MATERIAL FOR THIS TASK:

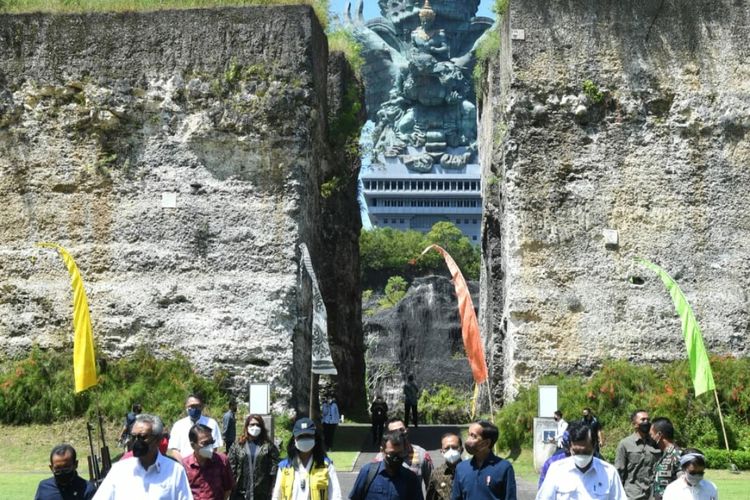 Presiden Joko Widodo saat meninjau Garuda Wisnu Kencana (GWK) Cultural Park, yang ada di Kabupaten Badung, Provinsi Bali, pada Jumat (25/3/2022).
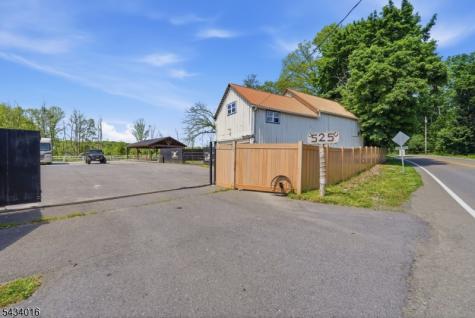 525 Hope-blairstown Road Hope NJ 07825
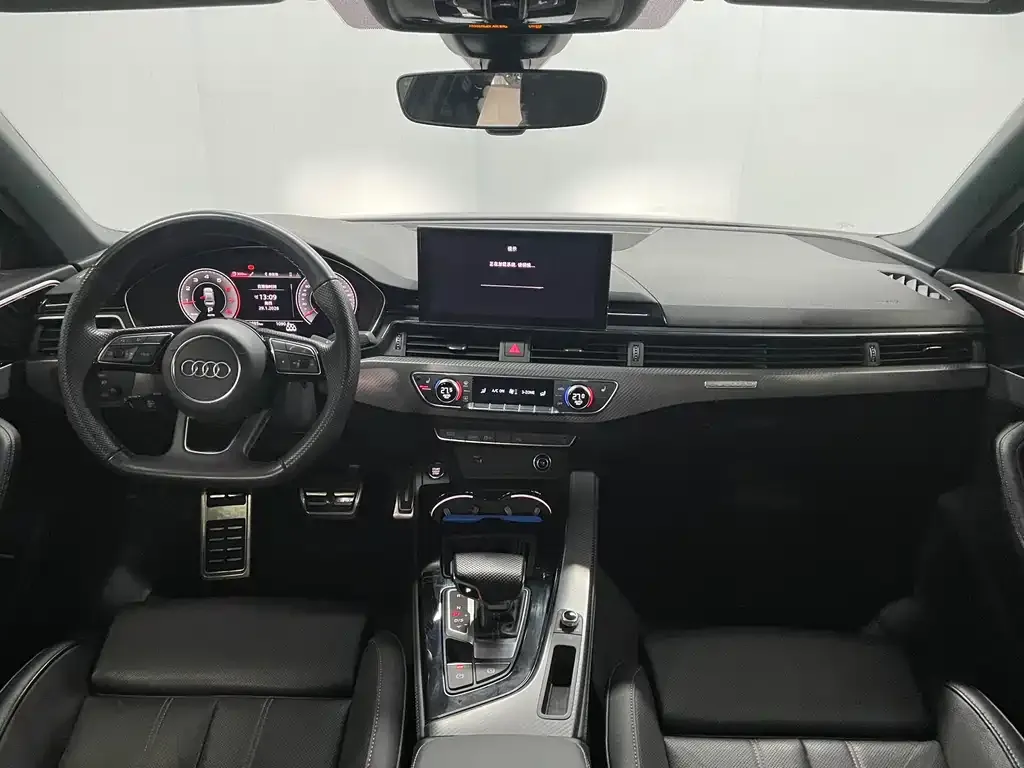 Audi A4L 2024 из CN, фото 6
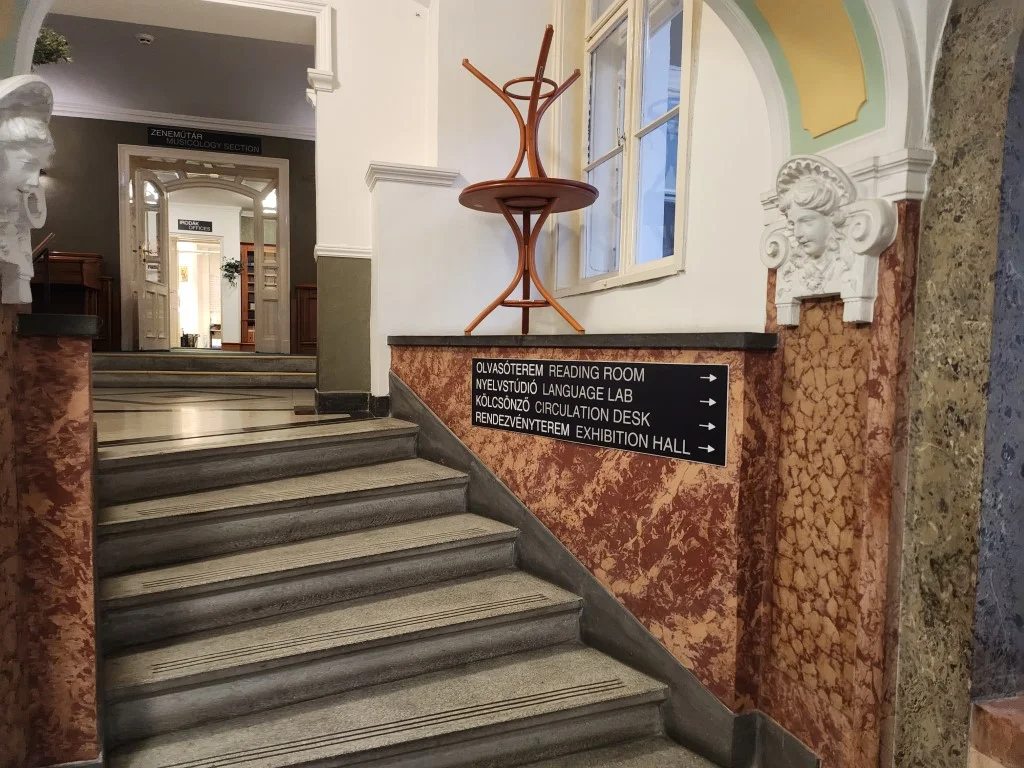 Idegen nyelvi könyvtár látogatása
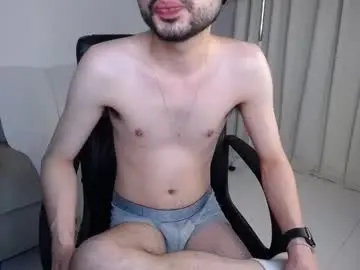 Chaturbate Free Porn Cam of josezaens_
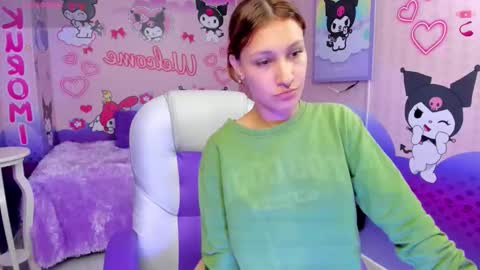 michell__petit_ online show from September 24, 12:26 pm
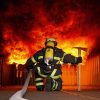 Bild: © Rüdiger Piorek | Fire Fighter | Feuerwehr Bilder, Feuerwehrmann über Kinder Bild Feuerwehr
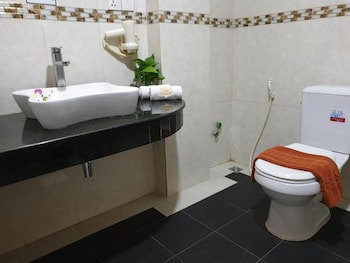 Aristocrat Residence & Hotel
* * *
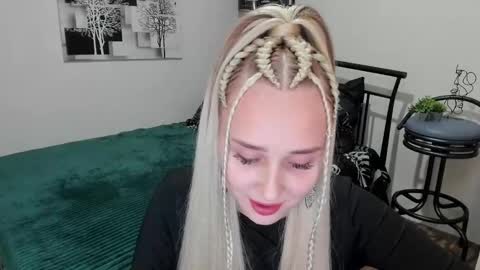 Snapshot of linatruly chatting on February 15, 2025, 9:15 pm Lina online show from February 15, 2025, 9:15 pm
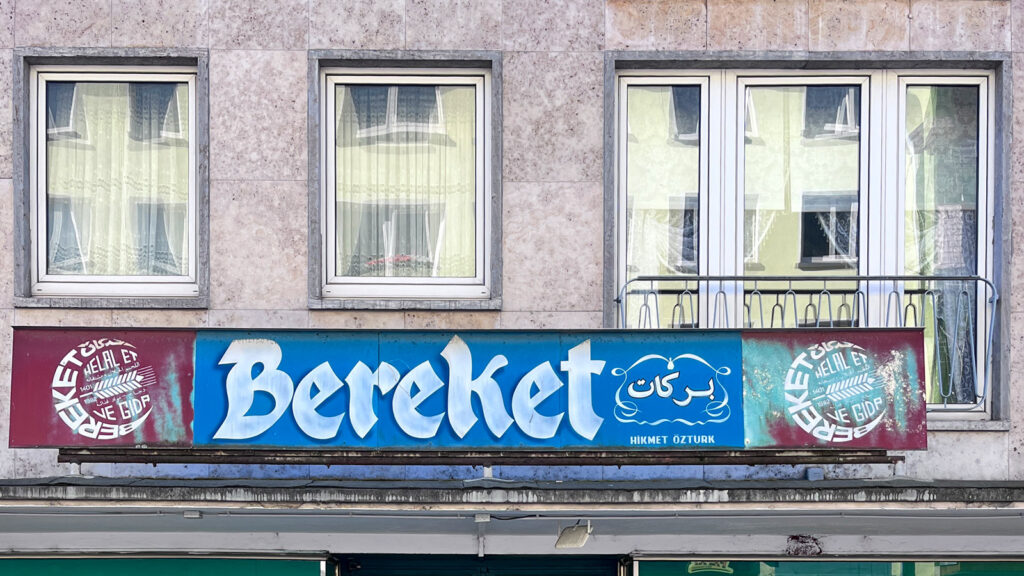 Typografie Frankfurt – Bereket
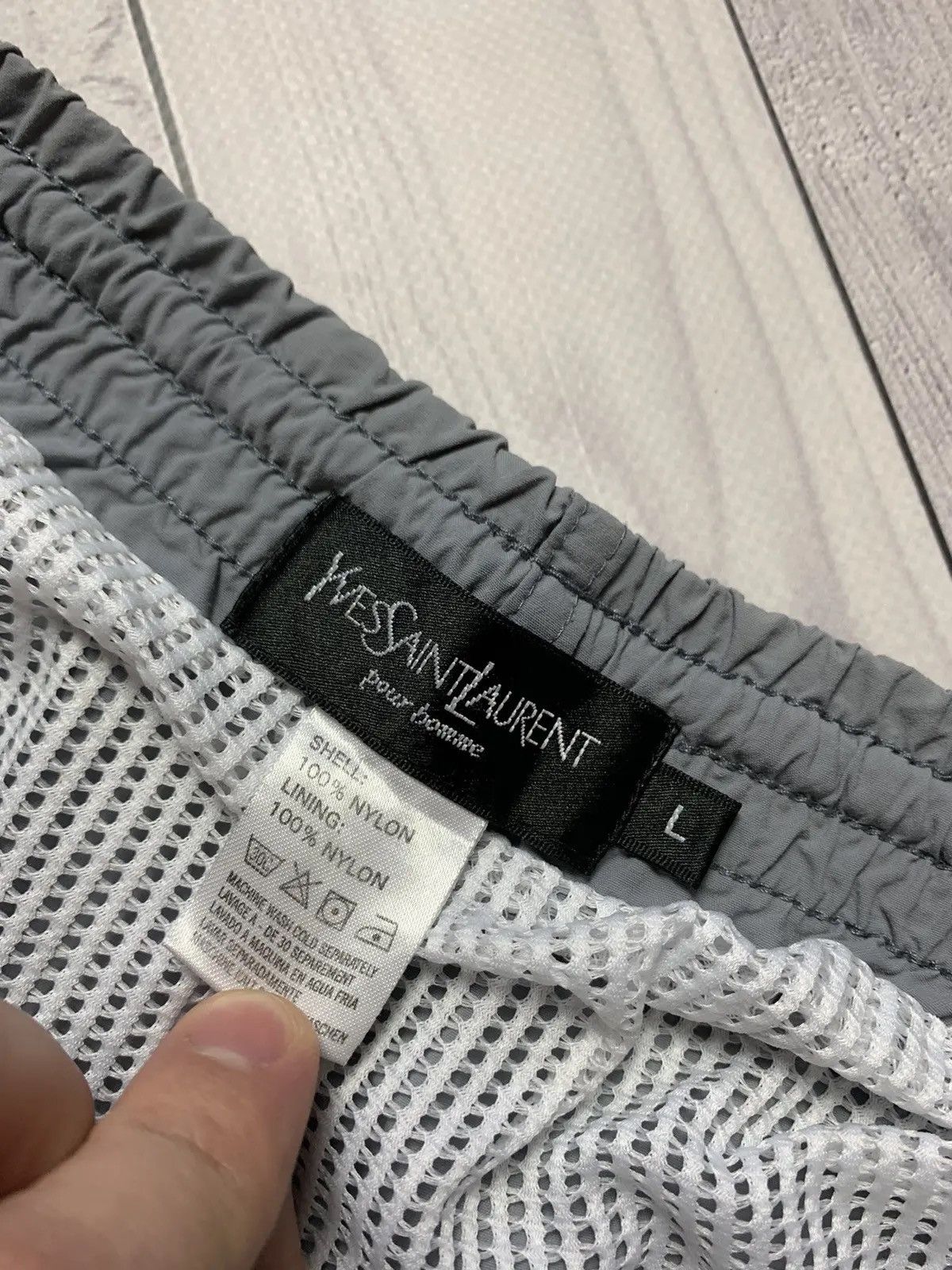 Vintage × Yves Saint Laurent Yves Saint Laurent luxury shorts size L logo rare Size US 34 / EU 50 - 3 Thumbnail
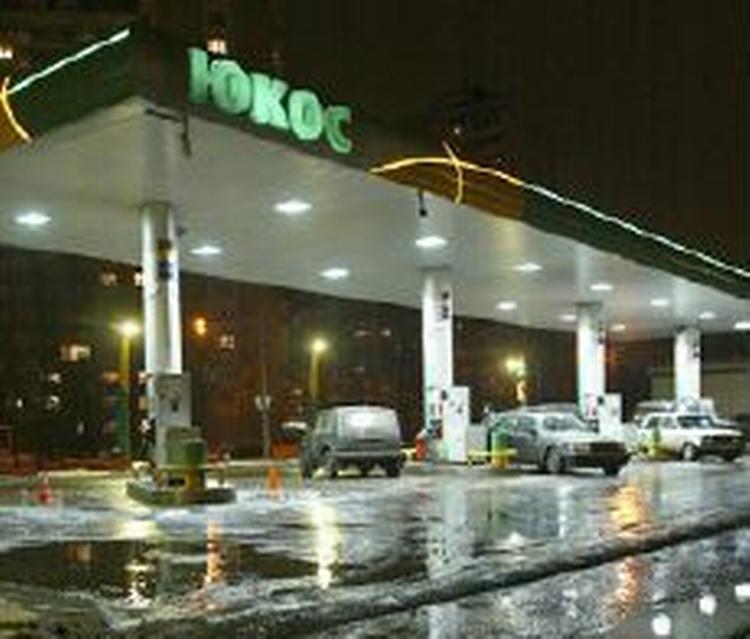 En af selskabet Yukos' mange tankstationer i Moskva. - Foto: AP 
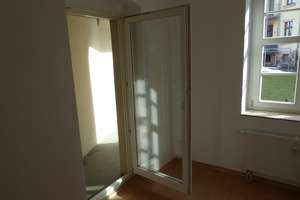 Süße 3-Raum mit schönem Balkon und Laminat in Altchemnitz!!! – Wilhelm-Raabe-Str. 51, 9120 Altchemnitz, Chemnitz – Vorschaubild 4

YOUR ASSIGNMENT: Extract from the material above the stretch running from the line containing "Vintage × Yves" through the line containing "Süße 3-Raum mit". Keep the text exact and the pictures out.

ANSWER TO THIS EXERCISE:
 Vintage × Yves Saint Laurent Yves Saint Laurent luxury shorts size L logo rare Size US 34 / EU 50 - 3 Thumbnail
 En af selskabet Yukos' mange tankstationer i Moskva. - Foto: AP 
 Süße 3-Raum mit schönem Balkon und Laminat in Altchemnitz!!! – Wilhelm-Raabe-Str. 51, 9120 Altchemnitz, Chemnitz – Vorschaubild 4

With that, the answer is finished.